There’s amazing research released recently suggesting that patients have a 25% higher survival rate one year after an operation when the surgeon was a woman. Of all the ways the male head of the Royal College of Surgeons could have responded to this news, he chose to do so by questioning whether this was because women do the easy surgeries.

However, the example on which we chose to focus was the gender pay gap. Not among men and women in the workplace: among boys and girls in terms of pocket-money. From the age of eight, boys get more. One reason for this appears to be that they expect it; they ask for it repeatedly; so it happens.

This is what girls’ schools matter. We all know that the world is structured in a way that can exclude women. Crash test dummies being based on male anatomy, so that cars are optimised for male safety, The temperature in offices being set to suit male metabolism. Sports kit and protective equipment being designed originally for men and being uncomfortable and ineffective for women. The list is endless of ways in which women have had to adapt to arrangements and terms set by men. This kind of adaptation happens in most schools, too. Research suggests that teachers in co-educational schools give 30% more teaching time to boys while girls are expected to adapt.

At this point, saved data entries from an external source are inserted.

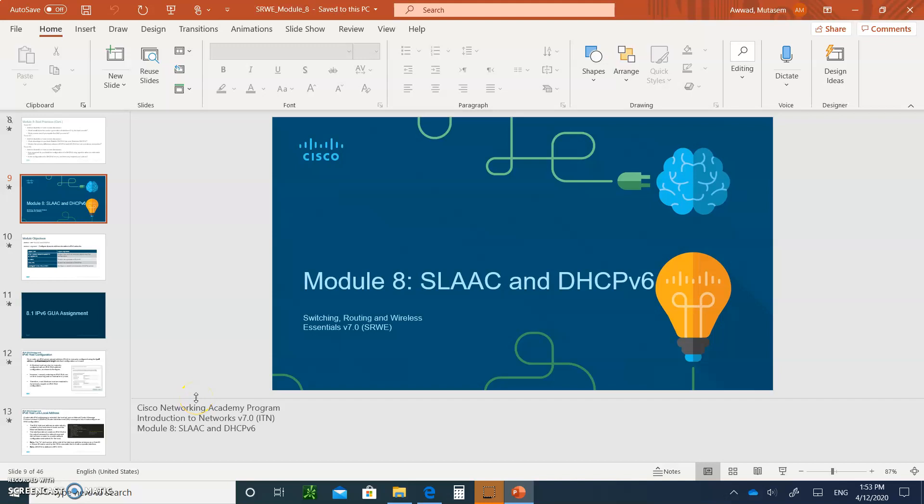Hello and welcome to Module 8: the Stateless Address Autoconfiguration (SLAAC) and DHCP version 6. This module is specifically for IPv6 IP addressing assignments. Don't forget to write your notes and submit them when you're all done.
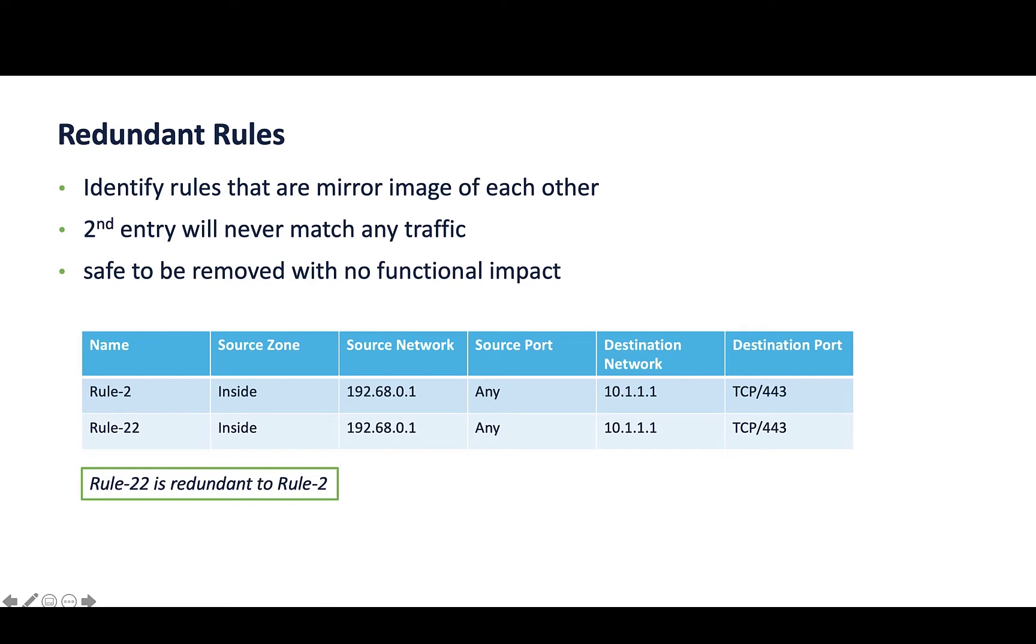Redundant rules identify rules that are mirror images of each other. So, the second entry will never match any traffic and it is safe to be removed. In this example, rule 2 and rule 22 are the same, making rule 22 unnecessary and then safe to be removed with no functional impact.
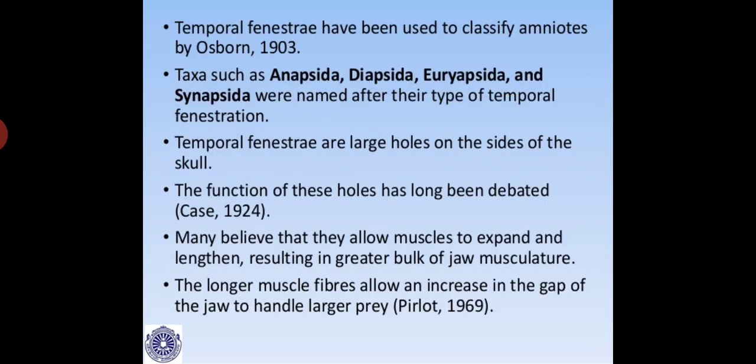Temporal fenestra or fossa were used to classify amniotes by Osborne in 1903. Taxa such as Anapsida, Diapsida, Euryapsida, and Synapsida were named after their type of temporal fenestration. Case in 1924 and many scientists believed they allow muscles to expand and lengthen, resulting in greater bulk of jaw musculature, and longer muscle fibers allow an increase in jaw gap to handle large prey — first noted by Perlot in 1969.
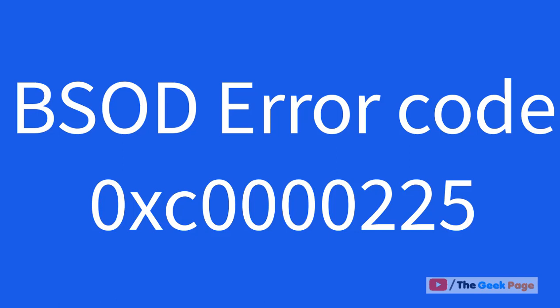Hi guys, now let's see how to fix BSOD error, blue screen error with error code 0xc0000225.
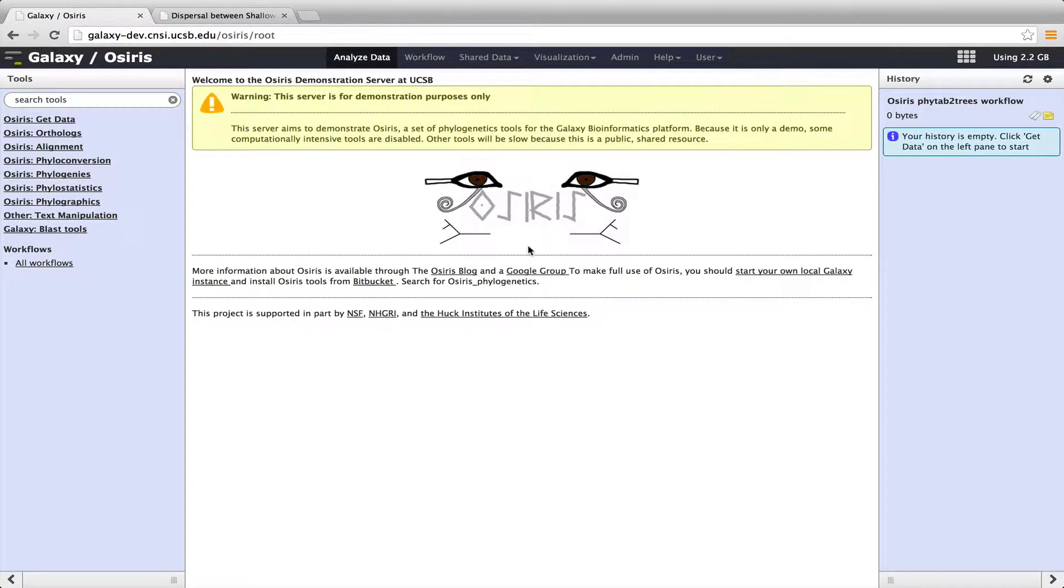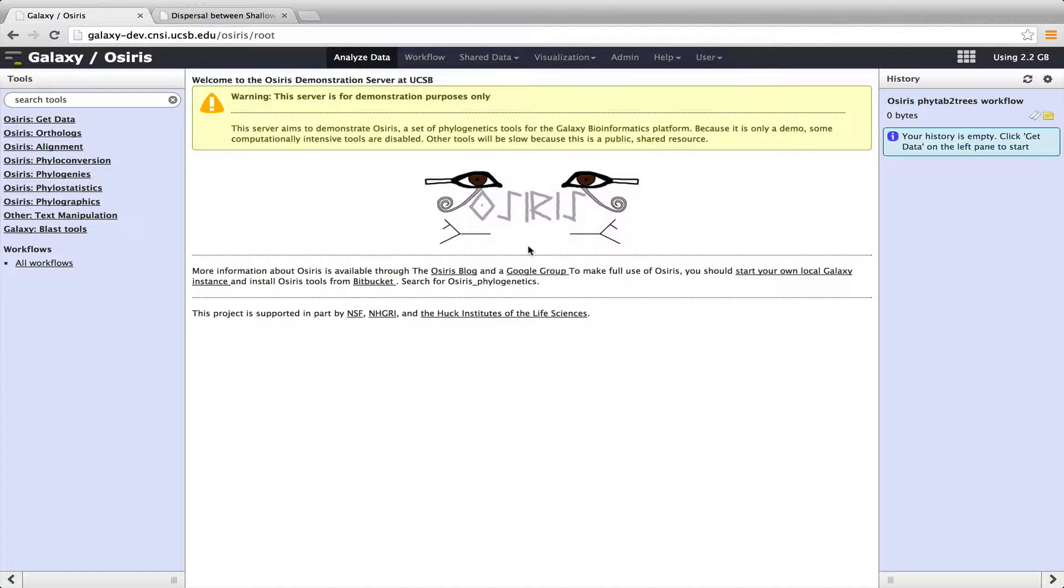This screencast will demonstrate some of the basic tools of the OSIRIS phylogenetics package, which is implemented within Galaxy, the Galaxy Bioinformatics Package. This screencast in particular shows you some of the basic features for conducting multi-gene phylogenetic analysis.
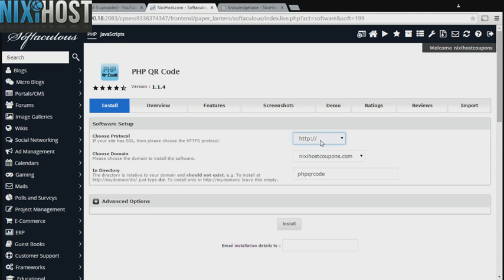If you have an SSL certificate, you can change the protocol to HTTPS. Otherwise, leave this default.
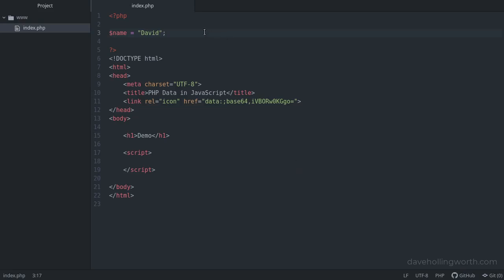Let's say you have a variable in PHP on the server and you need to use its value in JavaScript in the browser. How do you get the value of this variable from PHP to JavaScript?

Well: not here. Being a girls-only school is not negative – it is not about the absence of boys. It is about a positive sense of power and expectation: about fostering students with an absolute expectation of equality. Not adapting and fitting around systems that are unfair. Changing them. 

That’s why our focus will always be on individual support and on how young people achieve success as much as the successes themselves. Helping them get wonderful results matters, and we are so proud of all the outcomes achieved over the summer. But in the end it is what they do with them: it is about going on to live lives full of confidence, purpose, and joy. In every space in our school, that is what we are working towards.